Give exactly the lines from the one with "Cute Dormitory Storage" through the final line of the listing below, both included, leaving out any pictures.

** Input for this task follows **

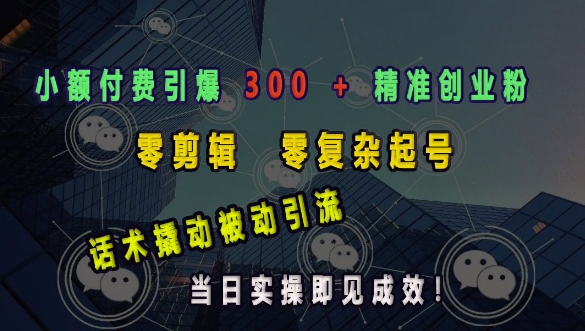 小额付费引爆 300 + 精准创业粉，零剪辑、零复杂起号，话术撬动被动引流，当日实操即见成效-轻创终点站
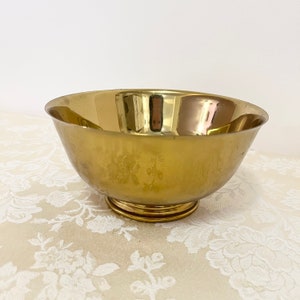 Vintage Solid Brass Bright Golden Bowl Fruit Bowl Brass Open Bowl Vintage Brass Bowl Decorative Bowl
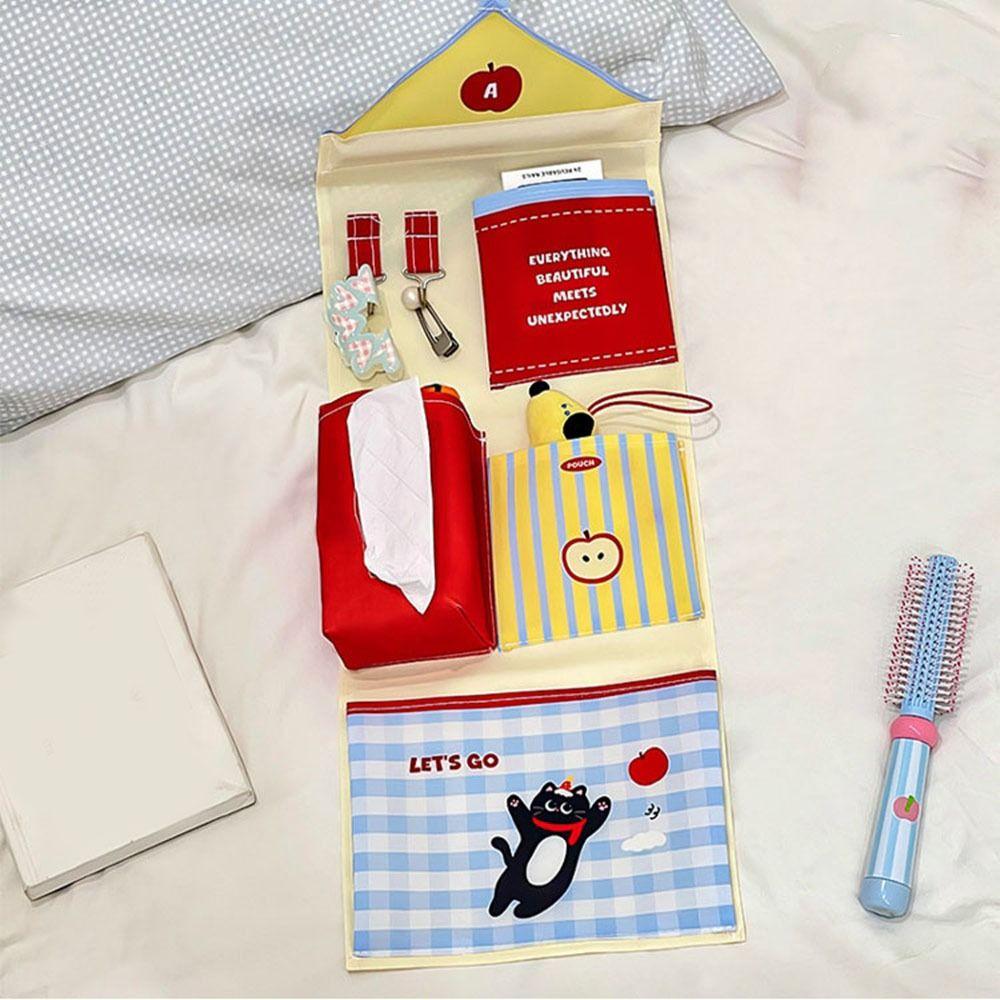 Cute Dormitory Storage Hanging Bag Multi-layer Cartoon Hanging Bag Wall Mounted Storage Bag Closet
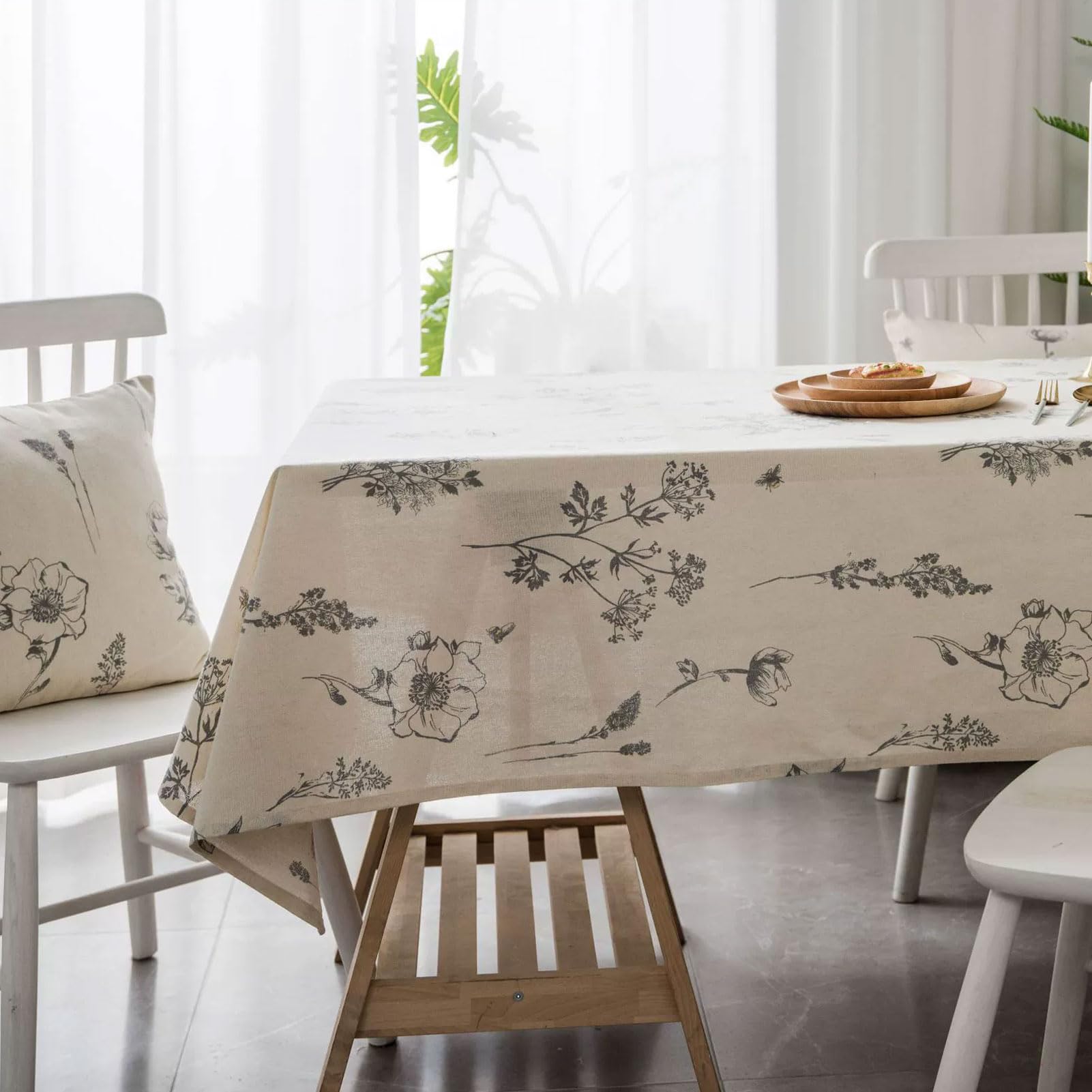 Mantel de Lino de Algodón, Mantel Rectangular con Estampado Floral Estilo Boceto, Manteles Antimanchas Beige, Manteles de Mesa Modernos de Tela para Mesa de Cocina (B 140x300cm)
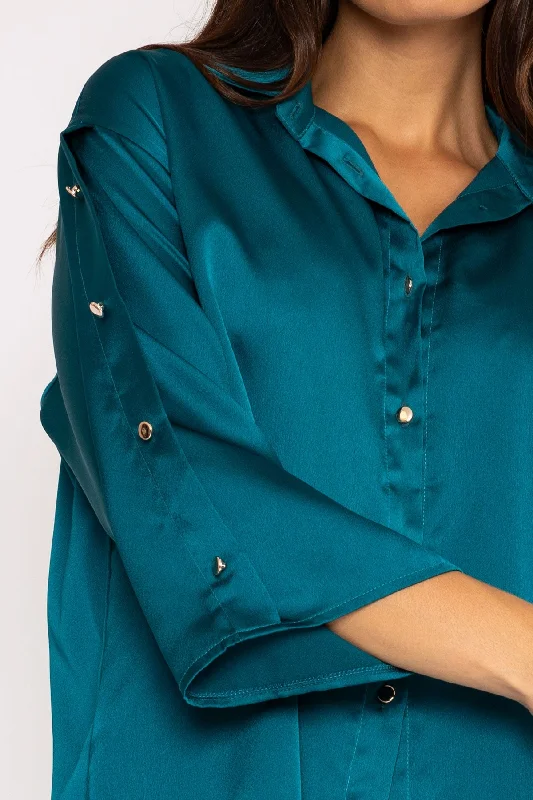 Button Sleeve Blouse in Teal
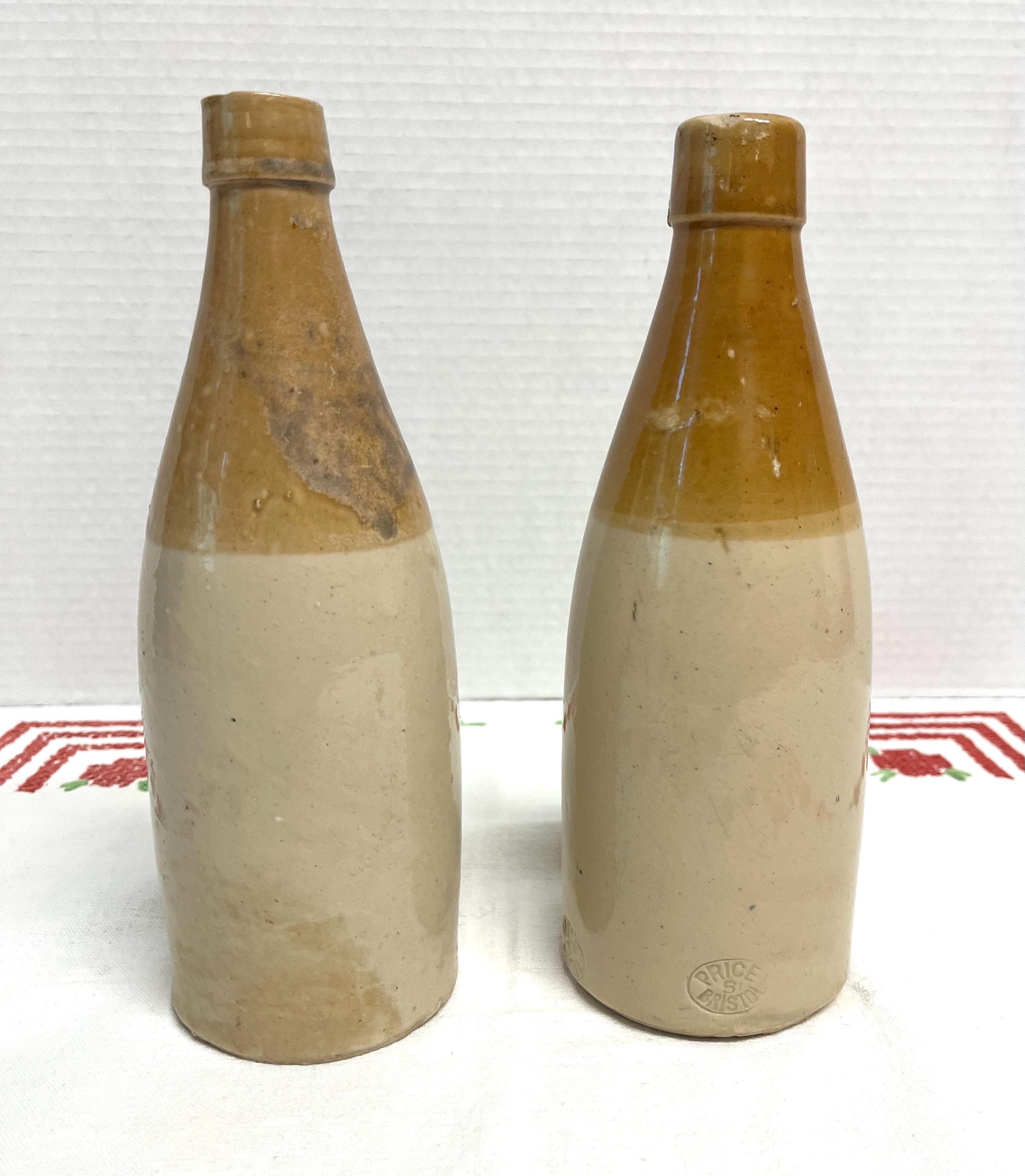 Antique 19th Century Two Tone Stoneware Ginger Beer Bottles , Pair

** End of Input for this task **

▶ **Exercise response**
 Cute Dormitory Storage Hanging Bag Multi-layer Cartoon Hanging Bag Wall Mounted Storage Bag Closet
 Mantel de Lino de Algodón, Mantel Rectangular con Estampado Floral Estilo Boceto, Manteles Antimanchas Beige, Manteles de Mesa Modernos de Tela para Mesa de Cocina (B 140x300cm)
 Button Sleeve Blouse in Teal
 Antique 19th Century Two Tone Stoneware Ginger Beer Bottles , Pair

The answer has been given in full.